A violência é um dos signos marcantes da literatura latino-americana. Num recorte mais simplório, e nem por isso incorreto, seria possível dizer que, do ponto de vista dos espaços de ficcionalização da violência, há autores que recorrem a mundos oblíquos ou imaginados, e autores que recriam a realidade doméstica mais ordinária. Eu não disse, estreia de Lara Haje na ficção, persegue sem dúvida o segundo caminho.
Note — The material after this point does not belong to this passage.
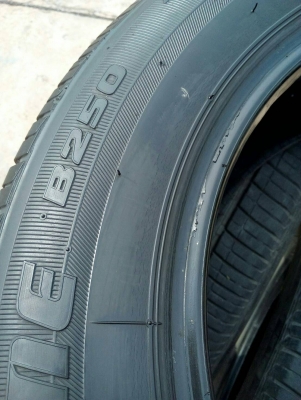 185/65R15  BRIDGESTONE B250 ชุด 4 เส้น  tel. 081-427-3941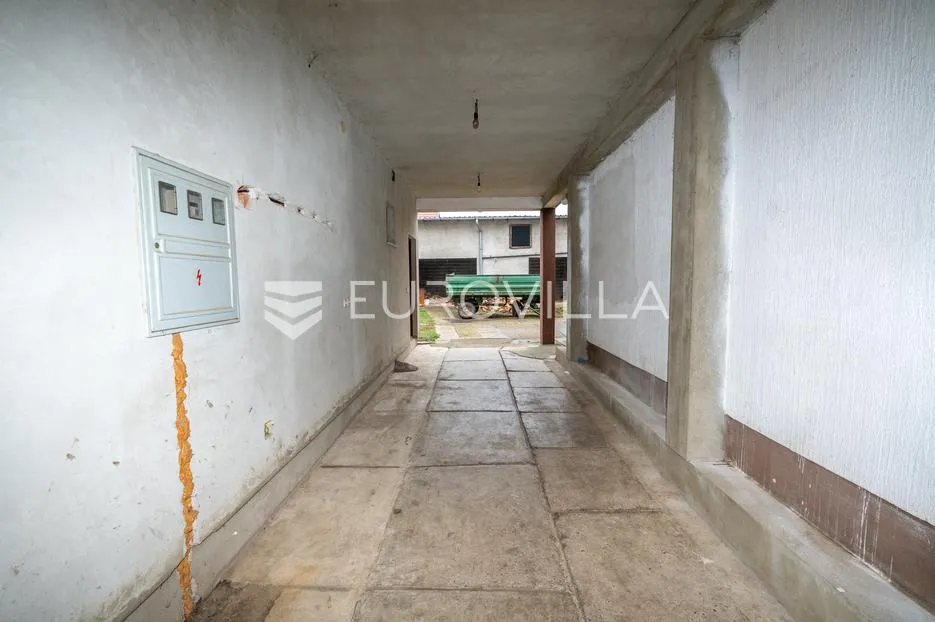 satnica đakovačka, 2 kuće 300 m² i 146 m², odlična investicija - slika 2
Desdobrando-se, simbolicamente, entre uma Silvina Ocampo e uma María Fernanda Ampuero, a autora coloca o espaço doméstico no epicentro dos conflitos sociais. A casa e a família, representações ideais de albergue e contenção, escondem e esparramam toda sorte de ameaças: distúrbios alimentares, vícios, depressão, suicídio. Perfazendo uma espécie de “pré-gore”, Lara Haje expõe as vísceras de tudo aquilo que, como promessa ou fingimento, acostumamos a chamar de familiar.

Lara Haje

Lara Haje é jornalista e mestre em Políticas de Comunicação pela Universidade de Brasília (UnB), trabalha como repórter na agência de notícias da Câmara dos Deputados. Co-autora do livro Paúra – um mergulho na síndrome do pânico (2018). Ficou em 5º lugar no Prêmio Off Flip 2023 na categoria crônica, com “Tijolos de isopor”, e uma das 15 finalistas do III Prêmio Anna Maria Martins (2023), da União Brasileira de Escritores, com o conto “Merda, em árabe”, além de uma das autoras classificadas do II Concurso Literário Philos Mulher 2024, com o conto “Como se sobrevive a uma coisa dessas”. Eu não disse (Cachalote, 2024) é seu primeiro livro de ficção.

Trecho

Do conto: “O espelho”

Se pudesse se livrar de cada dobrinha, cada pedaço desta carne nojenta, a pele: tudo sobra nesta pança, neste corpo cilíndrico; vomita, se esvazia, e depois ele todo infla de novo. Se pudesse cortava fora era com faca, um cortezinho, e outro, sangue sujo e bonito, se pudesse sair junto a gordura amarela, intestino grosso, esta merda toda apodrecida e ressecada, melhor um rolo de cozinha, amassar a barriga, parece mesmo um pão, deitar no chão, abrir a massa igual pizza, afinar.